Random Walk

A random walk is a mathematical exercise of taking 100 random steps, each moves the line higher or lower on the y-axis. It will look something like this:

random.walk <- cumsum(rnorm(100))
  
plot( random.walk, type="l", col="darkred", axes=F, xlab="", ylab="", main="Random Walk" )
abline( h=0, lty=2, col="gray" )

Now how can we animate the process to make the concept easier to visualize?




Brownian Motion

What happens if we take a random walk along the x-axis and y-axis at the same time - if we are allowed to wander along a two-dimensional space. It will look something like a particle bouncing around inside a jar.

How would we create this animation? Here is some code to get you started:

x <- cumsum( rnorm(100) )
y <- cumsum( rnorm(100) )

max.x <- max(x)
min.x <- min(x)
max.y <- max(y)
min.y <- min(y)

par( ask=T )
par( mar=c(2,2,3,1) )

for( i in 5:100 )
{
  plot( x[i], y[i], pch=19, cex=2, xlim=c(min.x,max.x), ylim=c(min.y,max.y)  )
}

Now how do you make your animation look like this?




The animation Package

You will need to install the animation package in R to create gifs. You also need to install Image Magick, free software that turns images into animations.

If you install the program on a Windows machine, be sure to click the option “Install legacy components (convert.exe etc)” when it appears as a check box! Otherwise your animation package in R will not work.

The function you will use to create gif animations is called saveGIF().
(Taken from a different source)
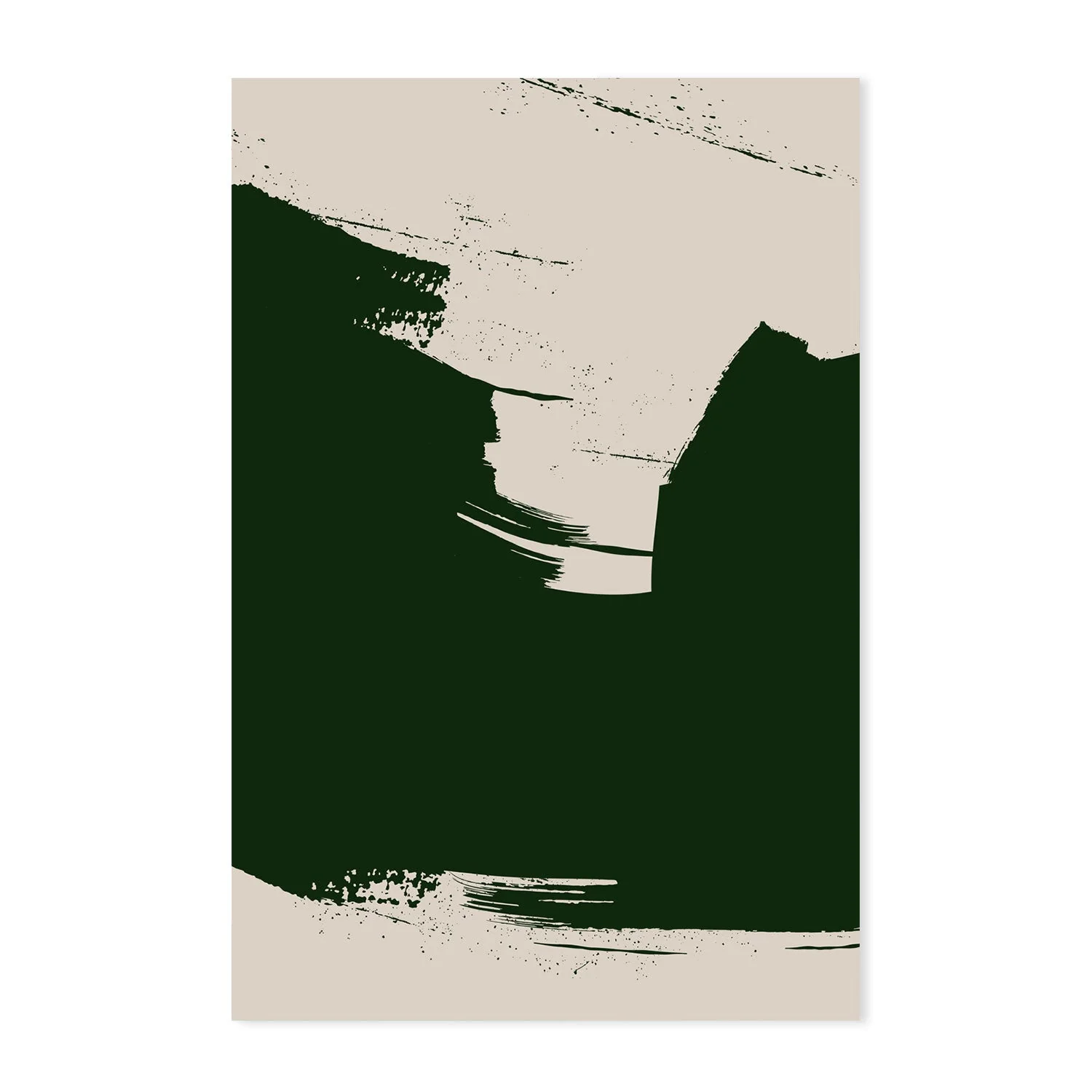 Rough Strokes, Style A, B & C, Set Of 3 - Image 9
# create a directory for your images

dir.create("gifs")
setwd("gifs")

library( animation )


saveGIF({

  
  # the loop that creates your image files here


}, 

movie.name = "movie_name.gif",   # name of your gif
interval = 0.3,                  # controls the animation speed
ani.width = 800,                 # size of the gif in pixels
ani.height = 800 )               # size of the git in pixels

Conway’s Game of Life

From Wikipedia:

Conway was interested in a problem presented in the 1940s by mathematician John von Neumann, who attempted to find a hypothetical machine that could build copies of itself and succeeded when he found a mathematical model for such a machine with very complicated rules on a rectangular grid. The Game of Life emerged as Conway’s successful attempt to drastically simplify von Neumann’s ideas.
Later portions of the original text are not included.